2.3. Mad Libs Revisited

2.3.1. A Function to Ease the Creation of Mad Libs

The versions so far of the Mad Lib program have been fairly easy to edit to contain a different mad lib:

  1. Come up with a new mad lib story as a format string
  2. Produce the list of cues to prompt the user with.

The first is a creative process. The second is a pretty mechanical process of looking at the story string and copying out the embedded cues. The first is best left to humans. The second can be turned over to a Python function to do automatically, as many times as we like, with any story - if we write the code once.

Writing the Python code also takes a different sort of creativity! We shall illustrate a creative process. This is a bigger problem than any we have taken on so far. It is hard to illustrate a creative process if the overall problem is too simple.

Try and follow along. Read the sample code and pseudo-code.

There is nothing to try in the Shell or editor until further notice.

If we follow the last version of the mad lib program, we had a loop iterating through the keys in the story, and making a dictionary entry for each key. The main idea we follow here is to use the format string to automatically generate the sequence of keys. Let us plan this unified task as a new function:

def getKeys(formatString):
    '''formatString is a format string with embedded dictionary keys.
    Return a list containing all the keys from the format string.'''
    # more to come

The keys we want are embedded like {animal}. There may be any number of them in the format string. This indeterminacy suggests a loop to extract them. At this point we have only considered for loops. There is no obvious useful sequence to iterate through in the loop. (We are trying to create such a sequence!) The only pattern we have discussed that does not actively process each element of a significant list is a repeat-loop, where we just use the loop to repeat the correct number of times. This will work in this case. (There is a more efficient approach after we introduce While Statements, suggested in Mad Lib While Exercise.)

First: how many times do we want to pull out a key - once for each embedded format. So how do we count those?

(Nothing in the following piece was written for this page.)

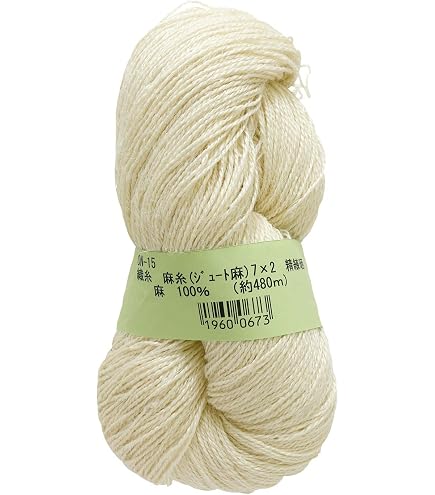 Amazon.co.jp: 生川商店 織り糸・編み糸 麻糸キングリネン 約φ1mm×760m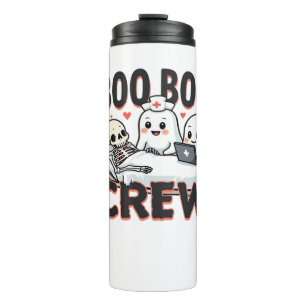 Boo Boo Crew Cute Halloween Nurse Ghosts Essential Thermal Tumbler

The count method is obviously a way to count. However we must count a fixed string, and the whole embedded formats vary, with different keys in the middle. A common part is ‘{‘, and this should not appear in the regular text of the story, so it will serve our purpose:

repetitions = formatString.count('{')
for i in range(repetitions):
    ...

This is certainly the most challenging code to date. Before jumping into writing it all precisely, we can give an overall plan in pseudo-code. For a plan we need an idea of what quantities we are keeping track of, and name them, and outline the sequence of operations with them.

Think about data to name:

In this case we are trying to find a list. We will need to extract one element at a time and add it to the list, so we need a list, say keyList.

The central task is to identifying the individual keys. When we find a key we can call it key.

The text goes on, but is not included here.